Meng X L
Department of Statistics, University of Chicago, Illinois, USA.
Stat Methods Med Res. 1997 Mar;6(1):3-23. doi: 10.1177/096228029700600102.
Anderson Gray McKendrick's 1926 paper, 'Applications of mathematics to medical problems', was the earliest reference cited in Dempster et al.'s 1977 paper that defined and popularized the EM algorithm. McKendrick's paper was prominently featured by Joseph Oscar Irwin in his 1962 inaugural address as the President of the Royal Statistical Society (in the UK), entitled 'The place of mathematics in medical and biological statistics'. The link of McKendrick's work to the EM algorithm is due to an improvement made by Irwin on a novel method McKendrick used for estimating an infection rate when the observed data do not distinguish between those individuals who are not susceptible to the infection and those who are susceptible, but do not develop symptoms. This article examines this link, along the way illustrating the central ideas underlying the EM algorithm as well as its properties; the examination also suggests a profiling strategy for speeding up EM, which may be worthy of general investigation. McKendrick's data on an epidemic of cholera are used for illustration and to compare EM with Irwin's method as well as the Newton-Raphson algorithm. Issues beyond computation are also discussed whenever appropriate.

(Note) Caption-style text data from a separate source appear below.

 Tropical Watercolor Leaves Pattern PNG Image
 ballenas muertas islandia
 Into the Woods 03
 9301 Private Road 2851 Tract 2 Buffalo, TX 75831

安德森·格雷·麦肯德里克1926年发表的论文《数学在医学问题中的应用》,是登普斯特等人1977年那篇定义并推广期望最大化(EM)算法的论文中最早被引用的参考文献。麦肯德里克的论文在约瑟夫·奥斯卡·欧文1962年担任英国皇家统计学会会长时发表的就职演说《数学在医学和生物统计学中的地位》中得到了突出介绍。麦肯德里克的工作与EM算法的联系,源于欧文对麦肯德里克用于估计感染率的一种新方法的改进,当时观测数据无法区分那些不易感染的个体和那些易感染但未出现症状的个体。本文探讨了这种联系,同时阐述了EM算法的核心思想及其性质;该探讨还提出了一种加速EM算法的剖析策略,这可能值得进行全面研究。文中用麦肯德里克关于霍乱疫情的数据进行说明,并将EM算法与欧文的方法以及牛顿 - 拉弗森算法进行比较。只要合适,还会讨论计算之外的问题。